+++ Input data

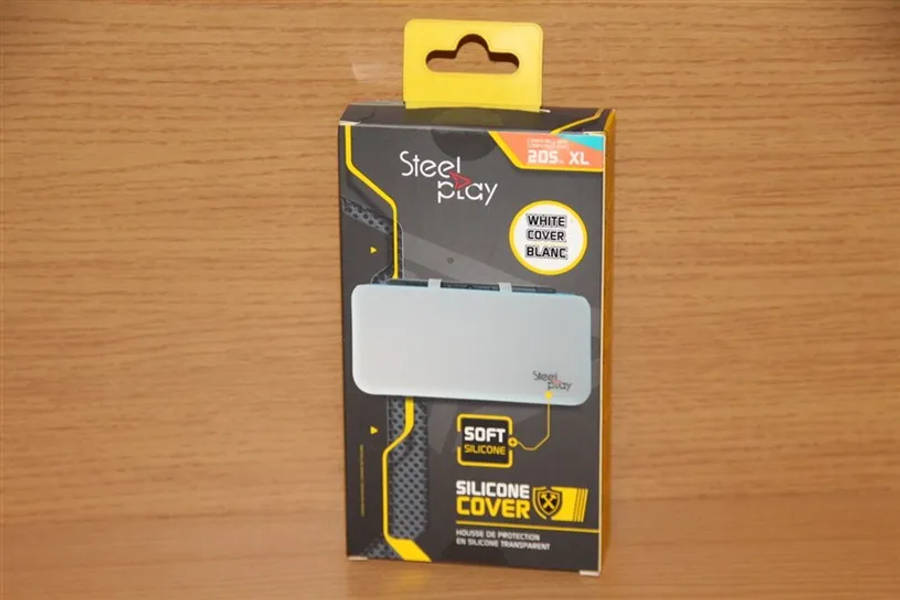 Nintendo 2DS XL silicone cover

++++++
+++ Input data

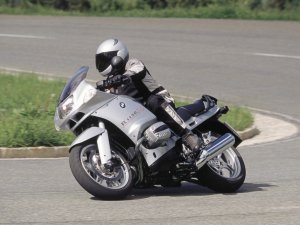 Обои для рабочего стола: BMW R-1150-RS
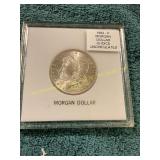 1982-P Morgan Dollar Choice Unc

++++++
+++ Input data

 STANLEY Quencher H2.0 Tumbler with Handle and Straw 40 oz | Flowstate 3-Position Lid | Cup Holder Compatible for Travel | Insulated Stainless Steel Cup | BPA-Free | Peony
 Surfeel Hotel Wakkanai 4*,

++++++

What the task asks: What you return should be exactly the lines above, starting at the one with "STANLEY Quencher H2.0" and ending at the one with "Surfeel Hotel Wakkanai", and nothing else.

Exercise output:
 STANLEY Quencher H2.0 Tumbler with Handle and Straw 40 oz | Flowstate 3-Position Lid | Cup Holder Compatible for Travel | Insulated Stainless Steel Cup | BPA-Free | Peony
 Surfeel Hotel Wakkanai 4*,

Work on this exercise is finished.